ACTION ITEM:
Copy exactly the lines from the one containing "Team Fortress 2" through the last line of the records below, including both, and leave out any pictures.

•••

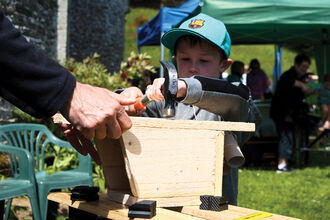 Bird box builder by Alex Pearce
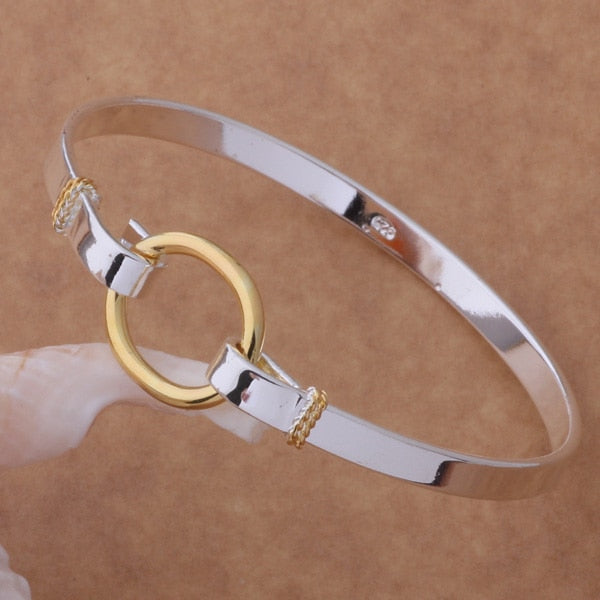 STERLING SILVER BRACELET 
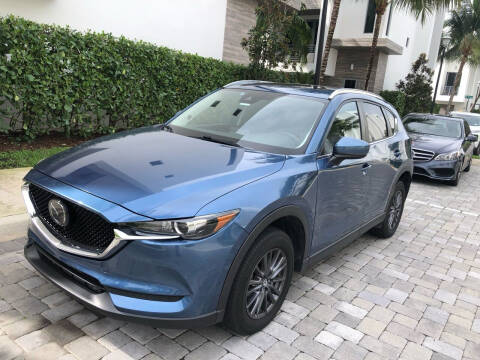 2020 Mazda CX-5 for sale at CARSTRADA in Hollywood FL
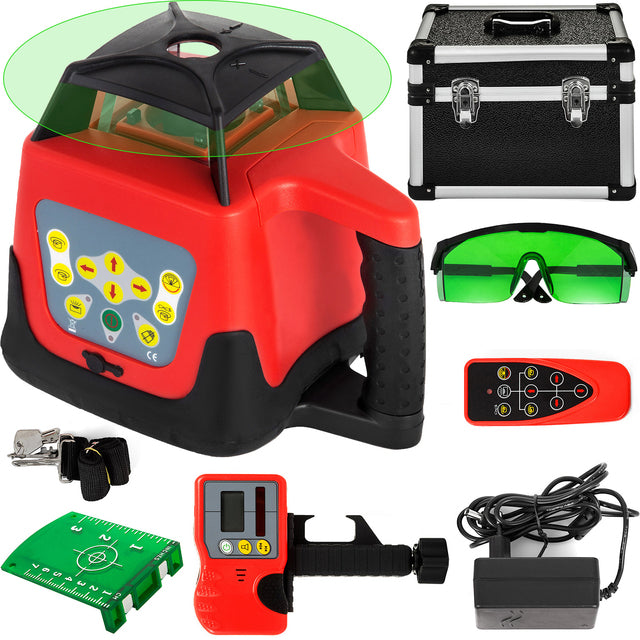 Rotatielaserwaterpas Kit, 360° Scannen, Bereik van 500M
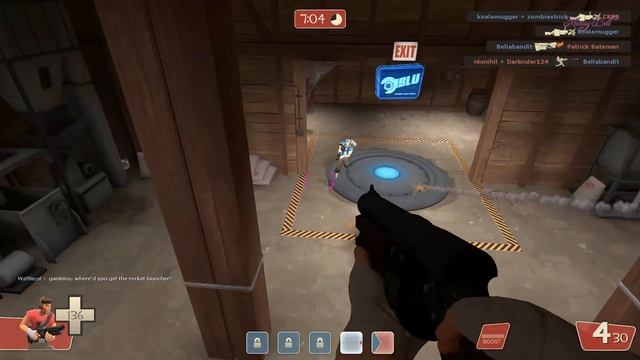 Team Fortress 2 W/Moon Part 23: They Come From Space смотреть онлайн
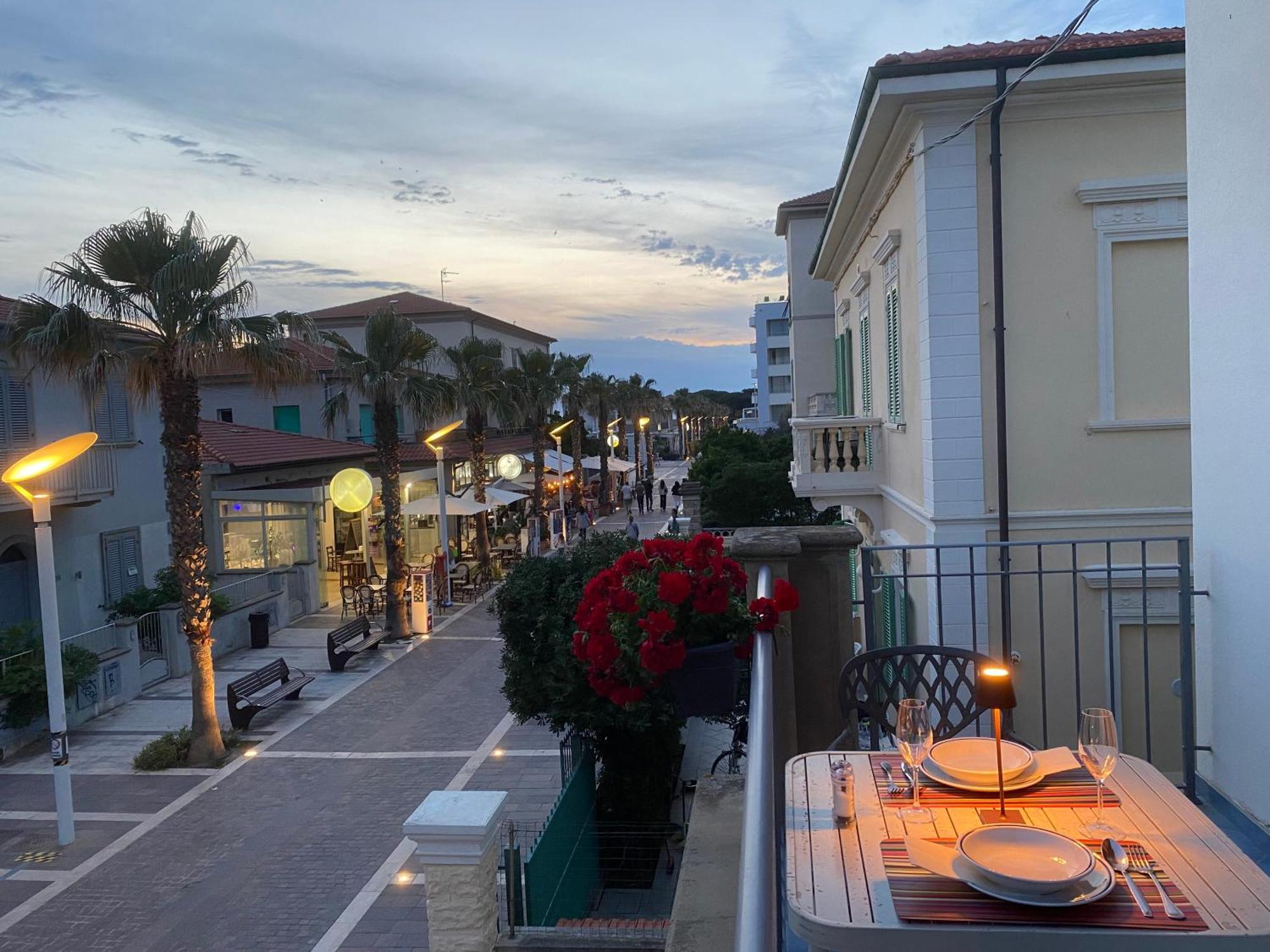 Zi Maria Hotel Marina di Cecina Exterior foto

•••

FINAL ANSWER:
 Team Fortress 2 W/Moon Part 23: They Come From Space смотреть онлайн
 Zi Maria Hotel Marina di Cecina Exterior foto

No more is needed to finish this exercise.